Environmental concerns are always more prevalent with commercial property because commercial uses tend to generate more environmental issues. Property that has been developed and platted for residential use was once “commercial” property purchased by a developer who likely did its due diligence to eliminate those environmental concerns. When buying property that is currently being put to a commercial use and has a history of commercial use, a buyer should do the due diligence necessary to eliminate environmental concerns – or to expose them. Building time and mechanisms into the contract to address any environmental issues is important in commercial transactions.
Survey And Title
Commercial buyers (savvy ones) will want time to obtain a survey and review the status of title to the property during the due diligence and contingency periods. Problems uncovered during the due diligence and contingency periods built into the contract can be rectified before the closing, can become a reason to renegotiate the contract and might even put an end to the contract. Money spent upfront, however, is well worth the cost to uncover problems that might devalue the property or even make it unmarketable. A seller of commercial property should be aware of the likely demand by the savvy buyer for a survey and title documentation as a contingency to the buyer’s obligation to complete the transaction.

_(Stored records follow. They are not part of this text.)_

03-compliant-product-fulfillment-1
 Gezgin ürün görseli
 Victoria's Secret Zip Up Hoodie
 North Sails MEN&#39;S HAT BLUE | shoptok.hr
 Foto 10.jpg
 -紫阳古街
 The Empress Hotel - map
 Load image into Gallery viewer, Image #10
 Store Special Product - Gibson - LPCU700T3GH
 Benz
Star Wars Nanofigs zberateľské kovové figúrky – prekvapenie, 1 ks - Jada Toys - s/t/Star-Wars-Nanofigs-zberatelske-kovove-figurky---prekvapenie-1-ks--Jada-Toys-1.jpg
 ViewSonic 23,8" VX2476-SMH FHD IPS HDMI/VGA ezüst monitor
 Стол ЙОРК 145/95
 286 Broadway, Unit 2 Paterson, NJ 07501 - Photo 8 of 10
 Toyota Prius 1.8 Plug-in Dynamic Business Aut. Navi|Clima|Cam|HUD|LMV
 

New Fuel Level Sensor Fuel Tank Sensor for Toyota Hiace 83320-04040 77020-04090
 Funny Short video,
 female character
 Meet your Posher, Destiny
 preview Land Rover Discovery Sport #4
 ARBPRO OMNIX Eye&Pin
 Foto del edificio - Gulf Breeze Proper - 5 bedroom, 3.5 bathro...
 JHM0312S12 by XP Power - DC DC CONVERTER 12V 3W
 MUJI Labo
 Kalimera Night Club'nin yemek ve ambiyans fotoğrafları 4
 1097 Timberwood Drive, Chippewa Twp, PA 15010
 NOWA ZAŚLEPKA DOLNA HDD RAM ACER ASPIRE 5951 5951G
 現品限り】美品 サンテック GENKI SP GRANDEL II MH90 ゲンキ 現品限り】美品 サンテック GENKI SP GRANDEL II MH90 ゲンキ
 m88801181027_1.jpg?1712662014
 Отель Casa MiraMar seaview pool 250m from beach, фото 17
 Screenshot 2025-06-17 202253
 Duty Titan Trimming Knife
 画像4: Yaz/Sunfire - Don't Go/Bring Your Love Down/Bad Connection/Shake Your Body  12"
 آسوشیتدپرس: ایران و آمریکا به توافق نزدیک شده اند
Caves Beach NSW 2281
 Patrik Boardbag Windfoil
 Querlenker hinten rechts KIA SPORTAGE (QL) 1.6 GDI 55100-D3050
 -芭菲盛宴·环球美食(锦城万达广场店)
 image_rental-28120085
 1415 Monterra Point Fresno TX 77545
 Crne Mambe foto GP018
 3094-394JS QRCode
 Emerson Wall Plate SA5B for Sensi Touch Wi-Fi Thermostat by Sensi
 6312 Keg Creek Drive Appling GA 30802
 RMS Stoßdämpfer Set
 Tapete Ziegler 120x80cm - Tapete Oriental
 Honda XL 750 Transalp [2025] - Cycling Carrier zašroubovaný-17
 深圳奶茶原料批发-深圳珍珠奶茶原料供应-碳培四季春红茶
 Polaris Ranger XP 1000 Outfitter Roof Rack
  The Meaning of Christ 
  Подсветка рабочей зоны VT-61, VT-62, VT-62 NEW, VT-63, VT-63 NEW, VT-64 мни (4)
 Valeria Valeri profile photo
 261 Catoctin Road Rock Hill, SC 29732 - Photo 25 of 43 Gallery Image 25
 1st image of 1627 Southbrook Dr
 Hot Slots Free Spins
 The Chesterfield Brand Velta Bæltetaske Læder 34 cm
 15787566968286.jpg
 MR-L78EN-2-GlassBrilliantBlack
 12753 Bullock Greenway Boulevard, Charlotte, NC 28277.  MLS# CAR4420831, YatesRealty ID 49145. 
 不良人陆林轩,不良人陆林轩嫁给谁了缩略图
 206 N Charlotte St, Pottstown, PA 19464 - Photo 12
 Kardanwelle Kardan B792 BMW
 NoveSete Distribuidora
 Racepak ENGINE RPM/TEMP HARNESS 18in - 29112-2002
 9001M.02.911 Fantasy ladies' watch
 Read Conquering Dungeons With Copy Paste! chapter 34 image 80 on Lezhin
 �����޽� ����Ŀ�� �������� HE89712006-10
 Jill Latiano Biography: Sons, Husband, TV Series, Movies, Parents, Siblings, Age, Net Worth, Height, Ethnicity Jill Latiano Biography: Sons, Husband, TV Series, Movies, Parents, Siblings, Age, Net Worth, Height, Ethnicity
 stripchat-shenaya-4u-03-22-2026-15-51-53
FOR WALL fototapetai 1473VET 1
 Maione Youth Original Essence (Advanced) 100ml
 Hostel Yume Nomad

Closely related to the intended use of the property is zoning. Many times, a buyer’s intended use of property requires some zoning “relief”. The intended use may require special or conditional use approval in the particular zoning district. Large uses may require a planned unit development. Vacant property may require these things plus engineering, subdivision and site plan approvals. Uses or structures that do not conform to the bulk lot requirements in the particular zoning district may require variances. In some cases, map amendments (rezoning) may be required to allow the uses that are intended.
When these zoning issues come up, experienced legal counsel is needed to navigate through the zoning processes that apply, both on the buyer’s and the seller’s side. Who will take the lead and be responsible for the zoning applications must be negotiated, and the contractual documents must be drafted to accommodate the time and to coordinate the efforts to achieve necessary zoning changes.
Commercial real property transactions can be simple but are often very complex. Even existing buildings that are being sold usually involve much more time and effort to get to closing than a typical residential home purchase/sale.